> TASK MATERIAL

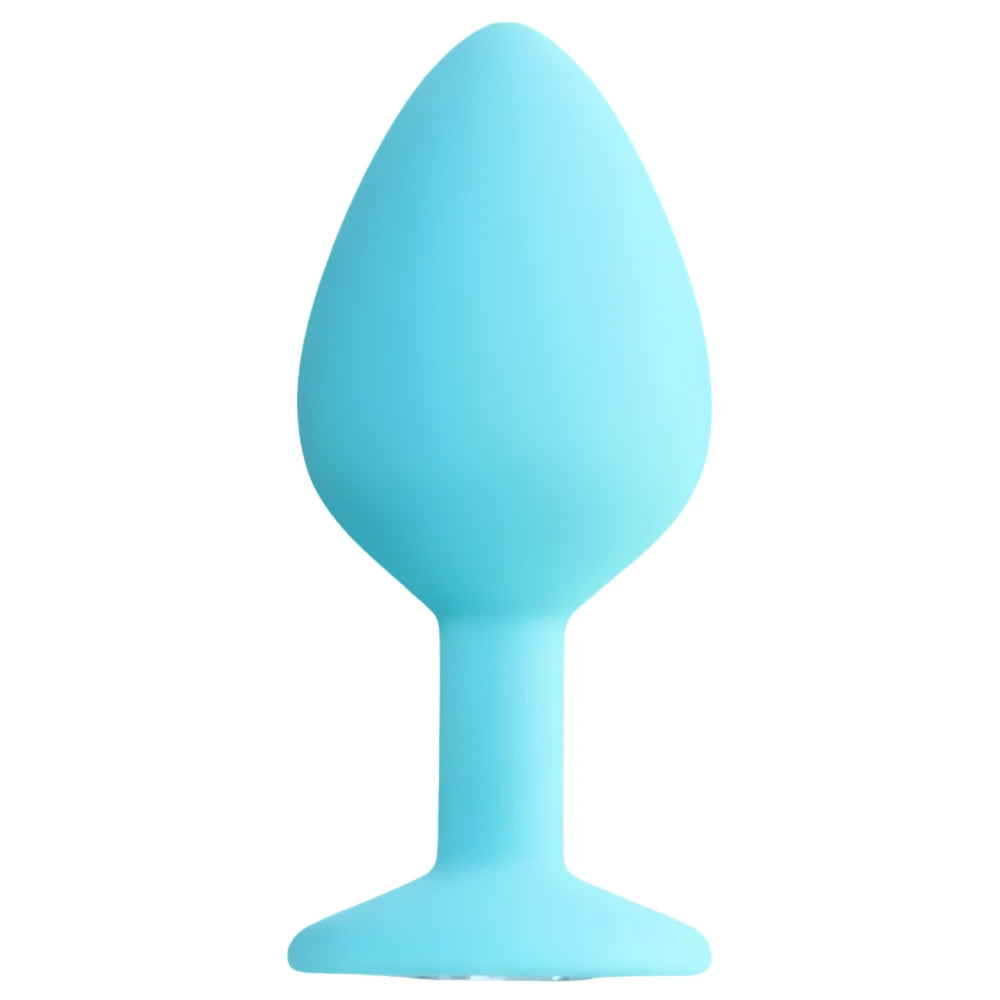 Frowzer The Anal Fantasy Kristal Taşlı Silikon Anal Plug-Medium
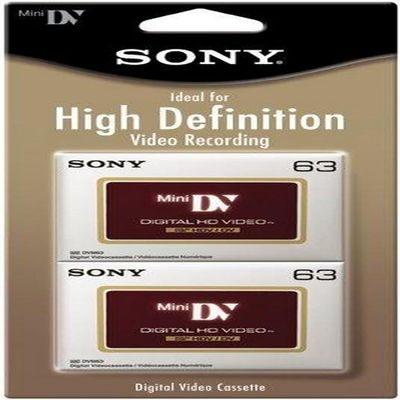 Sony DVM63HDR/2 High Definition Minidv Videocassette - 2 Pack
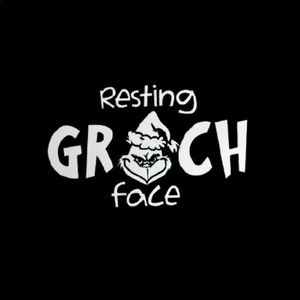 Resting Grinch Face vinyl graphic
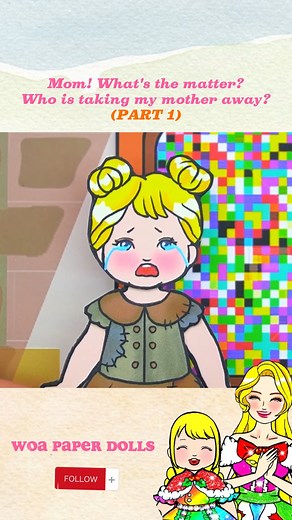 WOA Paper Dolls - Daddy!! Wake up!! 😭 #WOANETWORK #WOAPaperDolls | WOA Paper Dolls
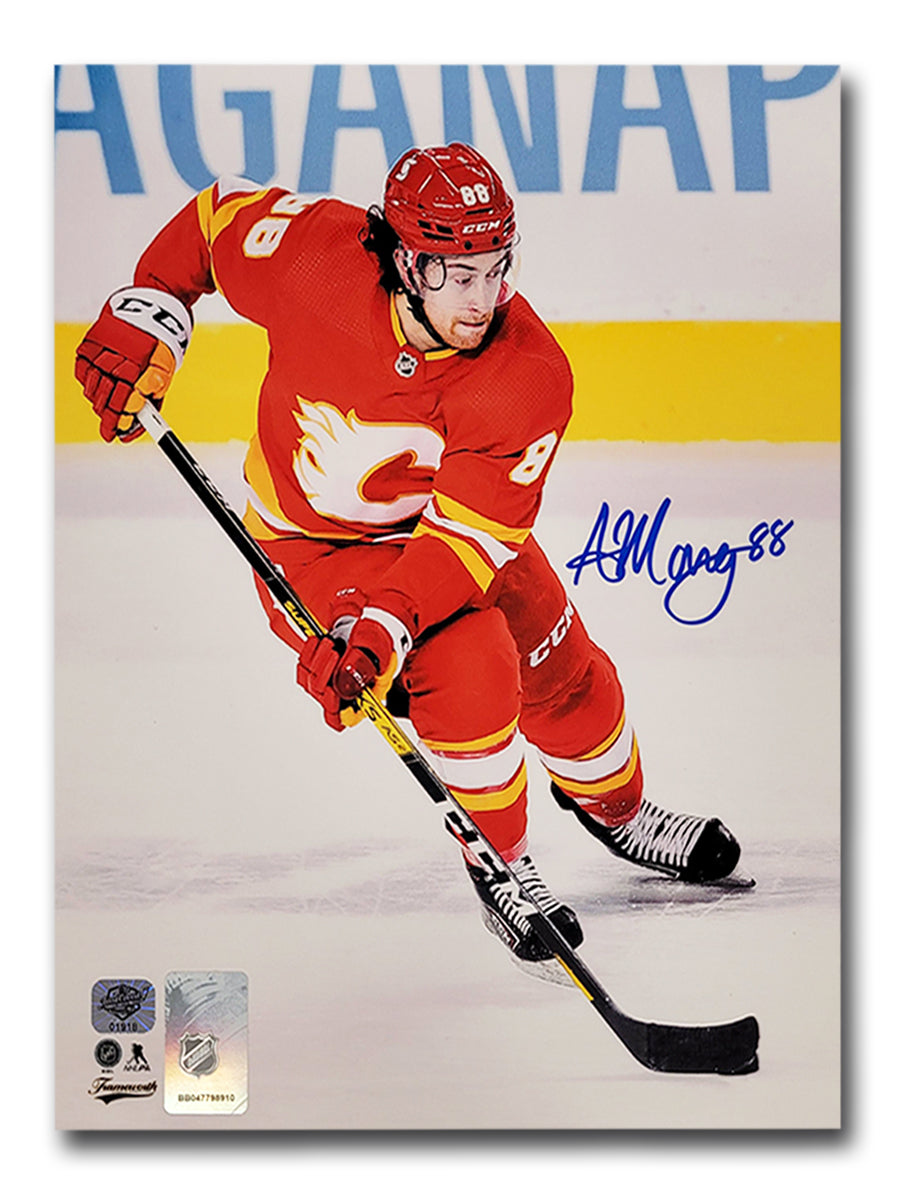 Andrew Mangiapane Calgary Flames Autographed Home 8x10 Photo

> WHAT IS BEING ASKED
Your reply must hold only the lines from the line containing "Sony DVM63HDR/2 High" through the end of the records above, written out exactly, both ends included, with no pictures, please.

> EXERCISE RESPONSE
 Sony DVM63HDR/2 High Definition Minidv Videocassette - 2 Pack
 Resting Grinch Face vinyl graphic
 WOA Paper Dolls - Daddy!! Wake up!! 😭 #WOANETWORK #WOAPaperDolls | WOA Paper Dolls
 Andrew Mangiapane Calgary Flames Autographed Home 8x10 Photo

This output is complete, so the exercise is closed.